◆ YOUR INSTRUCTIONS ◆
Please quote exactly the opening lines of the data, from the first line to the one where "Igra Sa Drvenim Kockama Razvoj Fine Motorike" appears.

◆ SUPPLIED RECORDS ◆

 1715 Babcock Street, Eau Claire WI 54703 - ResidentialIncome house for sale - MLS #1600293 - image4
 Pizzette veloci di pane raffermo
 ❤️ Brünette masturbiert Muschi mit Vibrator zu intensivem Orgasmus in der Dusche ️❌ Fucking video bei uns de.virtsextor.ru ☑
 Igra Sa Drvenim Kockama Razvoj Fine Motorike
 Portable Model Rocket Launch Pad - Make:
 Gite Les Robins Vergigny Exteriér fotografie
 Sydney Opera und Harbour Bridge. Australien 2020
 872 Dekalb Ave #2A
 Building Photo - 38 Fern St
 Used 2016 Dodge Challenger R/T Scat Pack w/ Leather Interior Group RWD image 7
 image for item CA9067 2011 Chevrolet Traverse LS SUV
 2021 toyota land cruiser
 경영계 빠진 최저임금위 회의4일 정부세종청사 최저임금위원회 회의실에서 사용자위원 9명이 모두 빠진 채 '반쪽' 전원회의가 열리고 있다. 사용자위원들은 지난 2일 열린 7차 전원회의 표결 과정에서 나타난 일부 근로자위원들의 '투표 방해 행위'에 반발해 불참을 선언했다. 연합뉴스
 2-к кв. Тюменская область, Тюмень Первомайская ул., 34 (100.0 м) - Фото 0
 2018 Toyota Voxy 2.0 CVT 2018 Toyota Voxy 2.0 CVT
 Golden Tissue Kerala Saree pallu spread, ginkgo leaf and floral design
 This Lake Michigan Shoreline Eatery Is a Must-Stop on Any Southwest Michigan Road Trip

◆ ANSWER TO THIS PROBLEM ◆
 1715 Babcock Street, Eau Claire WI 54703 - ResidentialIncome house for sale - MLS #1600293 - image4
 Pizzette veloci di pane raffermo
 ❤️ Brünette masturbiert Muschi mit Vibrator zu intensivem Orgasmus in der Dusche ️❌ Fucking video bei uns de.virtsextor.ru ☑
 Igra Sa Drvenim Kockama Razvoj Fine Motorike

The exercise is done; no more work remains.